Everything except the pictures should be printed exactly as it appears in the records.

══════════

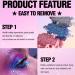 Rechoo 15 Colors Glitter Eyeshadow Palette - Professional Sparkly Shimmer Makeup for Eyes, Face & Body - Buy Online on GoSupps.com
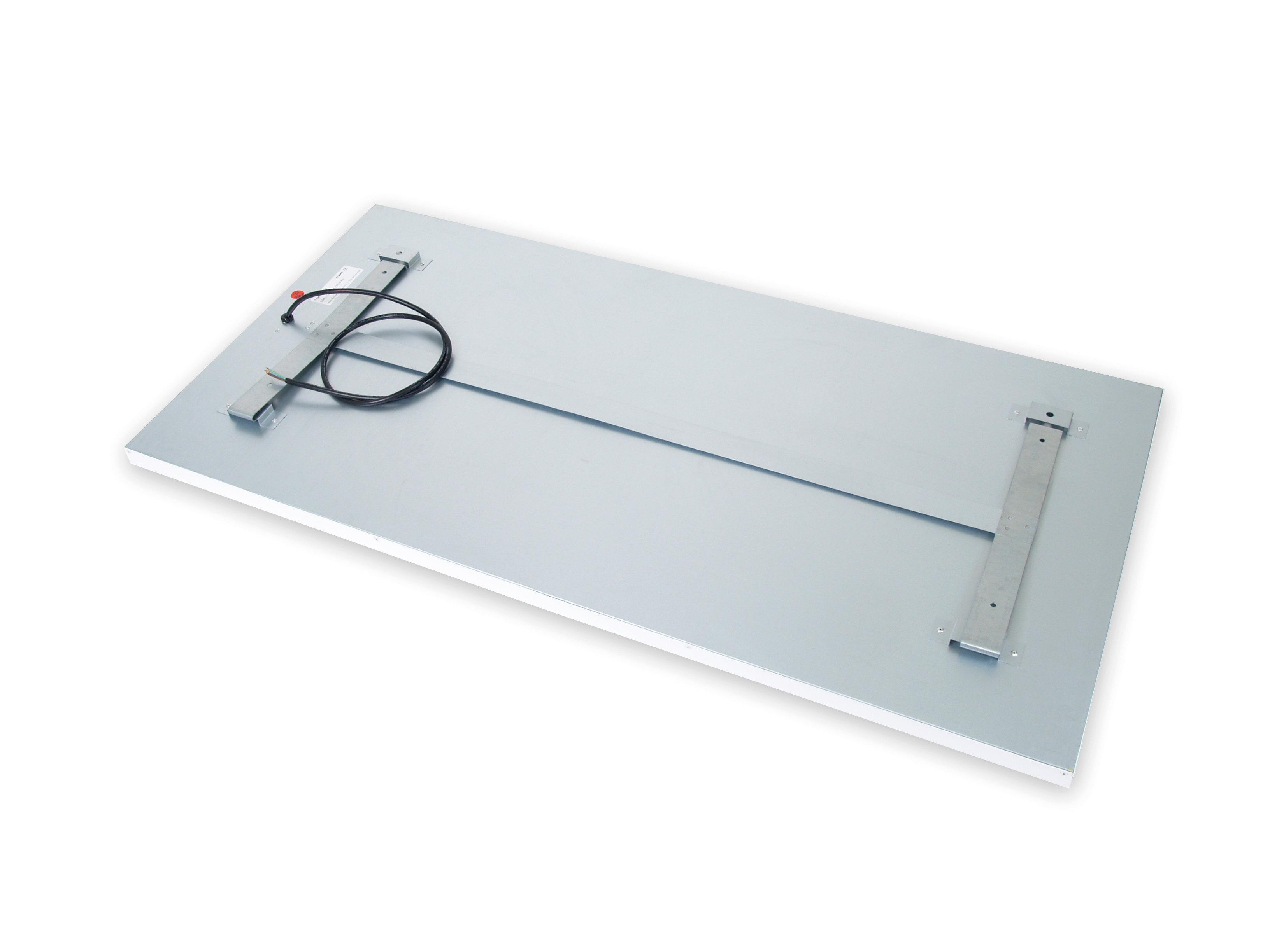Infrarood plafond stralingspaneel SOL PREMIUM 600 119x59x3cm 750W IP54 excl. regeling MAGNUM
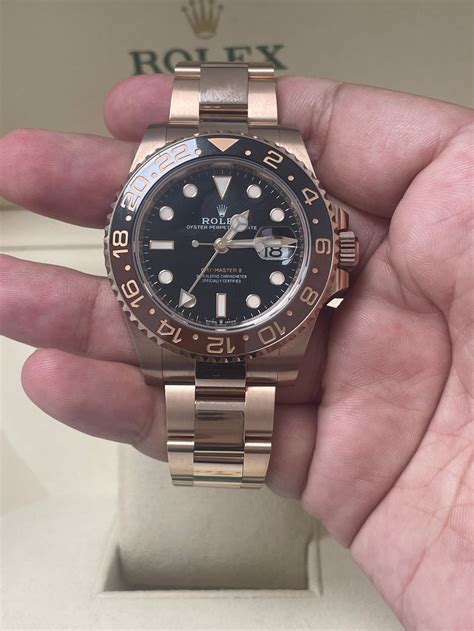 root beer rolex 2021.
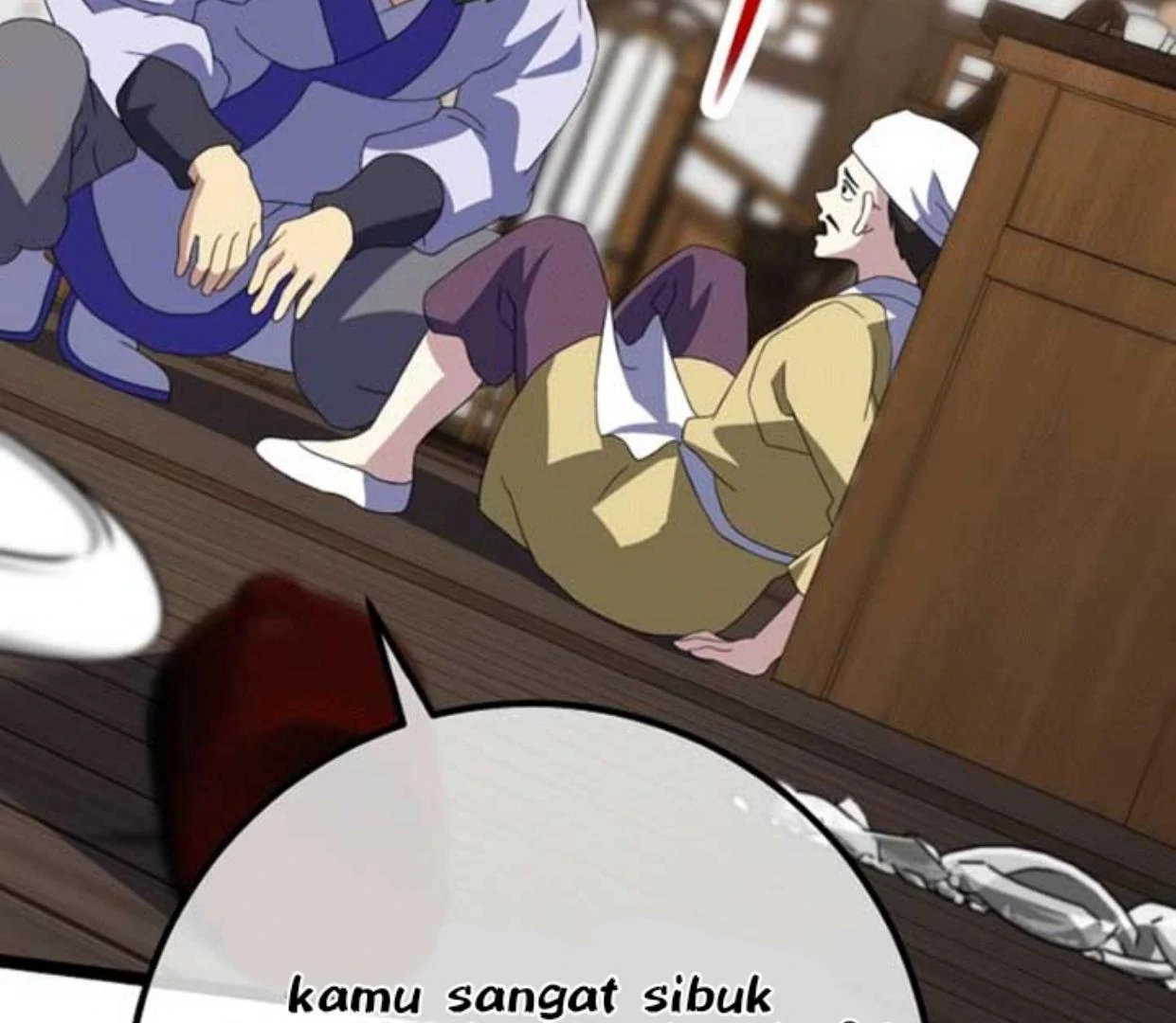 Baca Return of the Namgung Clan's Granddaughter - Chapter 16 halaman 59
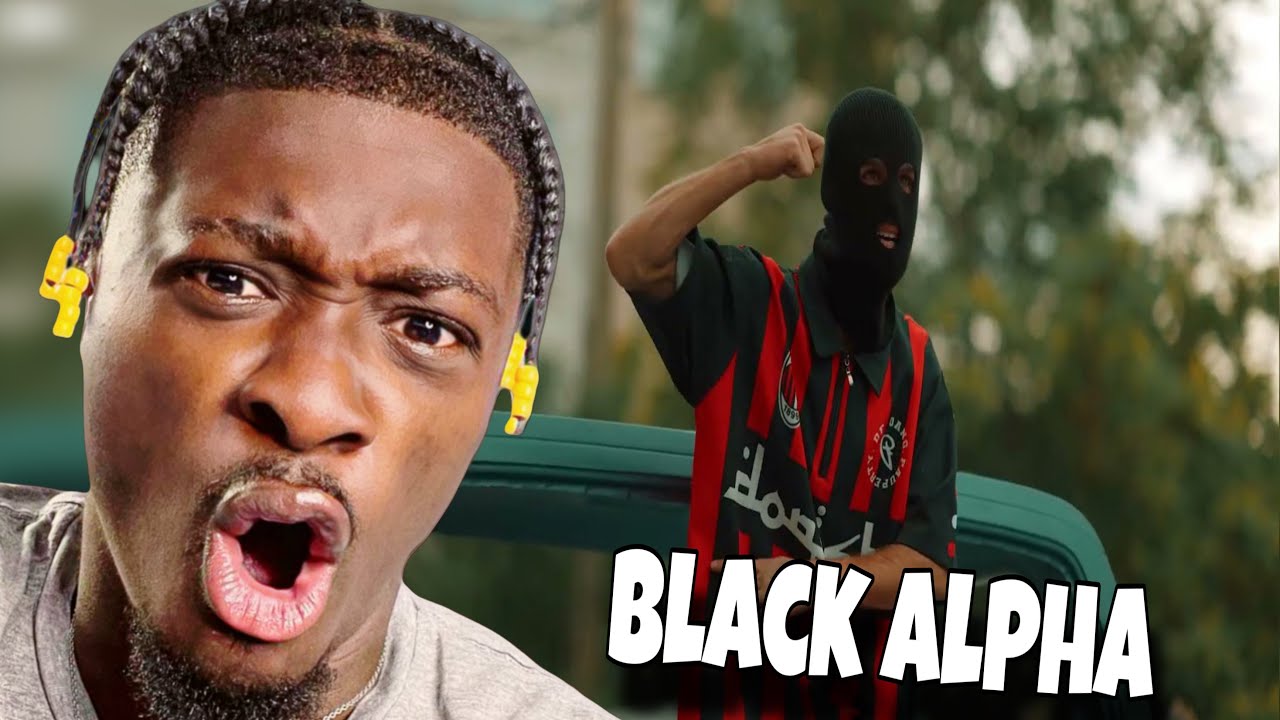 Meshki x Rasam Sohrabi - Black Alpha (Official Music Video) 🇮🇷🔥 REACTION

══════════

### Reply
 Rechoo 15 Colors Glitter Eyeshadow Palette - Professional Sparkly Shimmer Makeup for Eyes, Face & Body - Buy Online on GoSupps.com
Infrarood plafond stralingspaneel SOL PREMIUM 600 119x59x3cm 750W IP54 excl. regeling MAGNUM
 root beer rolex 2021.
 Baca Return of the Namgung Clan's Granddaughter - Chapter 16 halaman 59
 Meshki x Rasam Sohrabi - Black Alpha (Official Music Video) 🇮🇷🔥 REACTION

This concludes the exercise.